Re: Custom ordering operator for type xid
От | Alexander Lipatov |
---|---|
Тема | Re: Custom ordering operator for type xid |
Дата | |
Msg-id | E0FDD879-BB8A-44DC-A06E-02296A95B485@mindbox.cloud обсуждение исходный текст |
Ответ на | Re: Custom ordering operator for type xid (Rui DeSousa <rui.desousa@icloud.com>) |
Список | pgsql-admin |
Yes exactly. And in Postgres they use xmin as an analogue of SQL Server rowversion/timestamp ([docs](https://www.npgsql.org/efcore/modeling/concurrency.html?tabs=data-annotations)).
Ok, I think I'll wait for their response and won't do anything questionable on the part of Postgres itself. Thank you!
17 июня 2024 г., в 18:33, Rui DeSousa <rui.desousa@icloud.com> написал(а):On Jun 17, 2024, at 11:03 AM, Tom Lane <tgl@sss.pgh.pa.us> wrote:
Alexander Lipatov <lipatov@mindbox.cloud> writes:**Question**: Is it safe to create custom ordering operators for the `xid` type and a default operator class with these operators?

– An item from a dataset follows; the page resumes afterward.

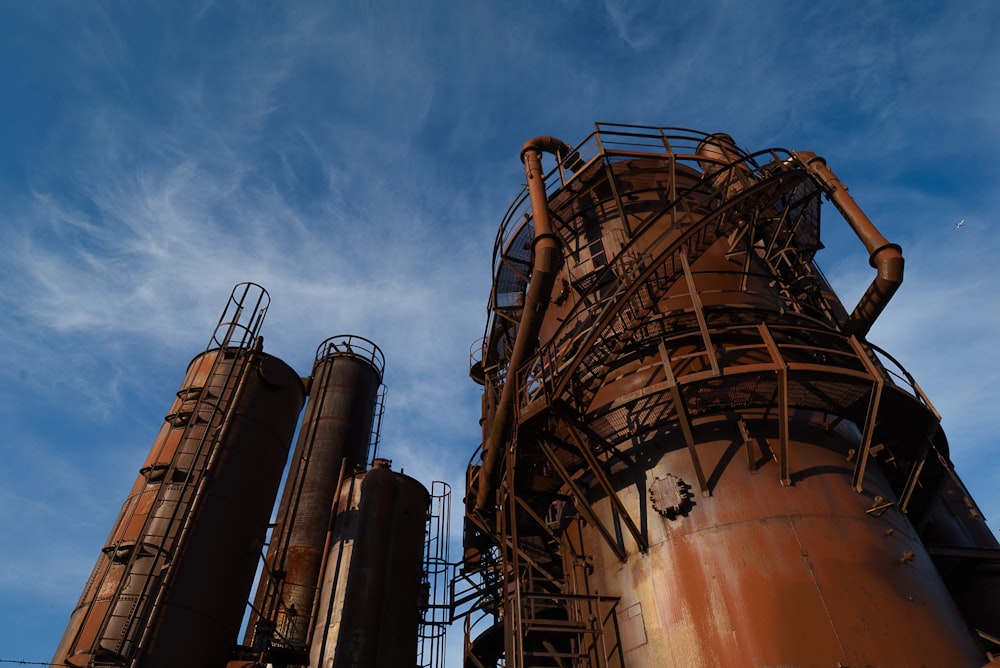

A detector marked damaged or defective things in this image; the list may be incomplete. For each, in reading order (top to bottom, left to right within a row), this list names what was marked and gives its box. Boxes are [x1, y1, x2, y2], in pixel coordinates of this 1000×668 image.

rusted steel cylinder [48, 348, 304, 664]
rusted steel cylinder [245, 334, 382, 652]
rusted steel cylinder [310, 460, 432, 668]
rusty metal tower [464, 122, 1000, 664]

I wouldn't do it, mainly because the semantics of what you've written
have nothing to do with the actual behavior of xids. (The real
comparison behavior is "circular", which can't be modeled as a total
order, which is why there's not a built-in opclass already.)
What is that ORM doing with XIDs anyway, and is there a good reason
not to run away screaming from such an ill-thought-out product?

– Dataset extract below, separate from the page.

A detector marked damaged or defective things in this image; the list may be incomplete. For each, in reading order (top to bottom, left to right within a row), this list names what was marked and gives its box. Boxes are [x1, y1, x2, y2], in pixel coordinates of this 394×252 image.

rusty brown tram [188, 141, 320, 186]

I don't believe for a minute that this is going to be the only
semantic issue you'll run into with an ORM that thinks it knows
how XIDs behave despite a clear lack of even the most minimal
investigation into the question.
regards, tom lane
Assuming they are using it for opportunist locking. I have use this method before but not with a system column.
i.e.
1. Application fetches the record with an xmin of 55, no need to maintain an open transaction: select xmin, * from table where id = 8;
2. Application edits record
3. Application saves record: update table set col1 = ‘x’ where id = 8 and xmin = 55;
4. If the record was updated by another session then xmin would be different, the save would fail by updating zero records, and user would have to reedit the record.
Not a fan of ORMs myself but I think opportunist locking has its place.